▶ YOUR ASSIGNMENT
Would you retype exactly the lines from the one holding "New Womens Autumn" through the last line of the listing, and only those, without pictures?
◇ ◇ ◇ ◇ ◇ ◇ ◇
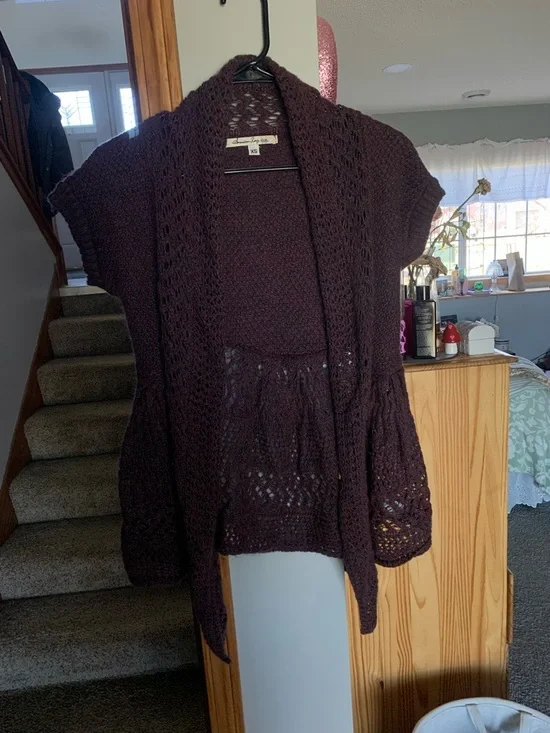 Vintage “American Rag Cie” purple knit cardigan - Picture 2 of 8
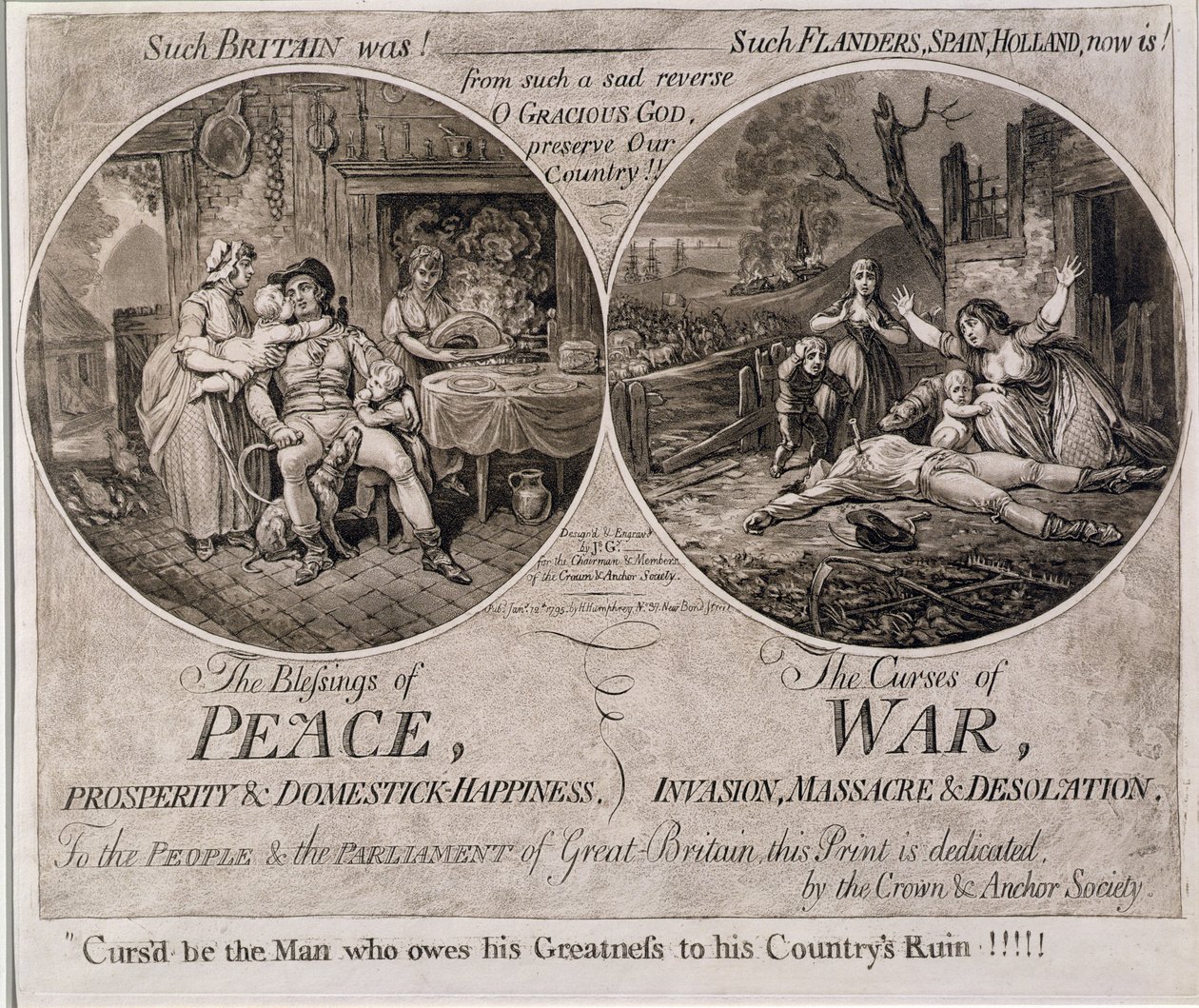 The Blessings of Peace and The Curses of War, udgivet af Hannah Humphrey i 1795 af James Gillray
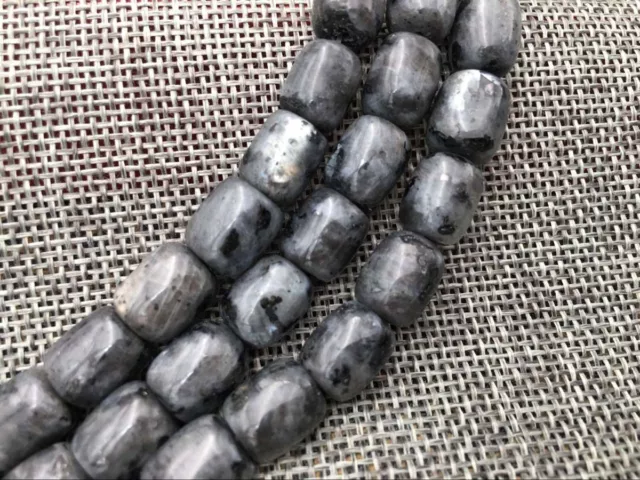 Natural 9x11mm Black Gray Labradorite Gemstone Drum Cylinder Loose Beads 15" AAA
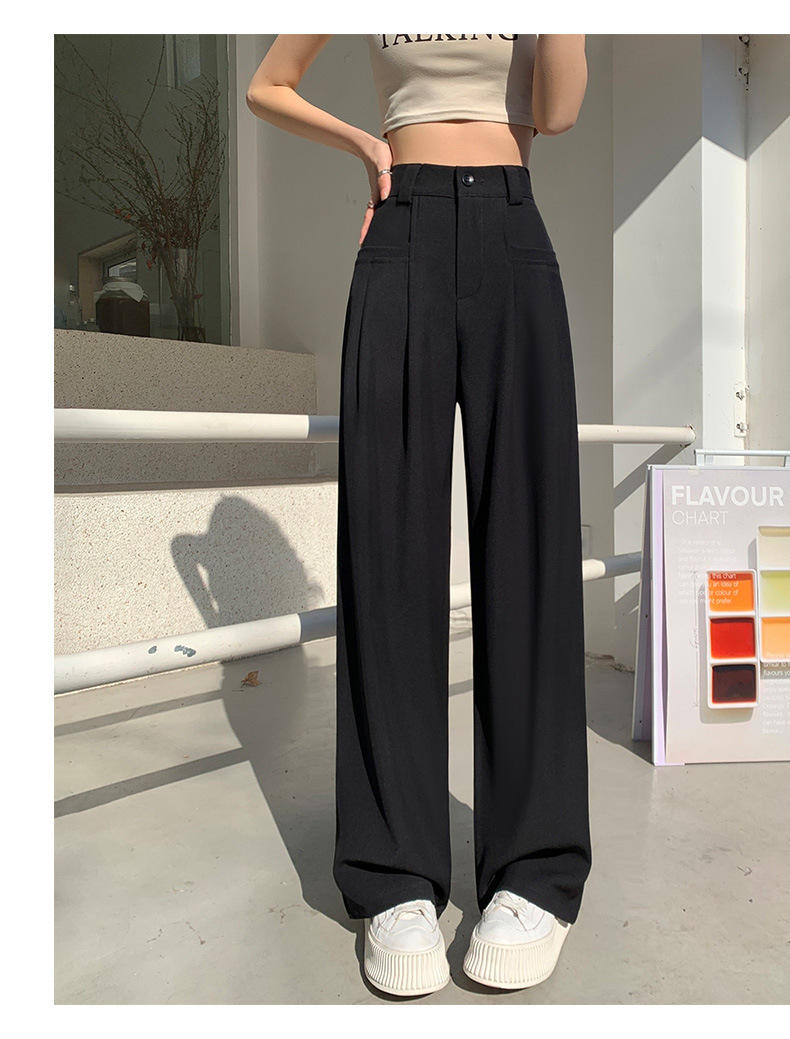 Black Wide-Leg Slip Pocket Straight Suit Pants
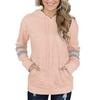 New Womens Autumn Winter Hoodie Loose Sweater Contrast Stripes Kangaroo Pocket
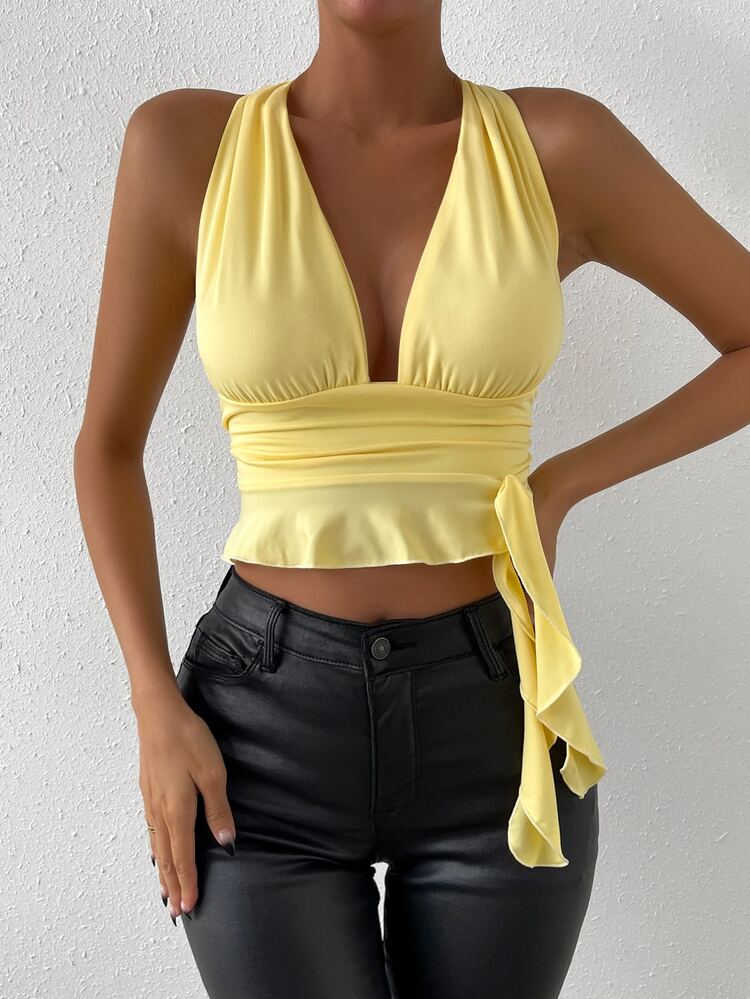 SHEIN Unity Sexy Plunging Neck Ruffle Trim Crisscross Backless Knot Side Crop Tank Top - Yellow - View 8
◇ ◇ ◇ ◇ ◇ ◇ ◇
▶ SOLUTION
 New Womens Autumn Winter Hoodie Loose Sweater Contrast Stripes Kangaroo Pocket
 SHEIN Unity Sexy Plunging Neck Ruffle Trim Crisscross Backless Knot Side Crop Tank Top - Yellow - View 8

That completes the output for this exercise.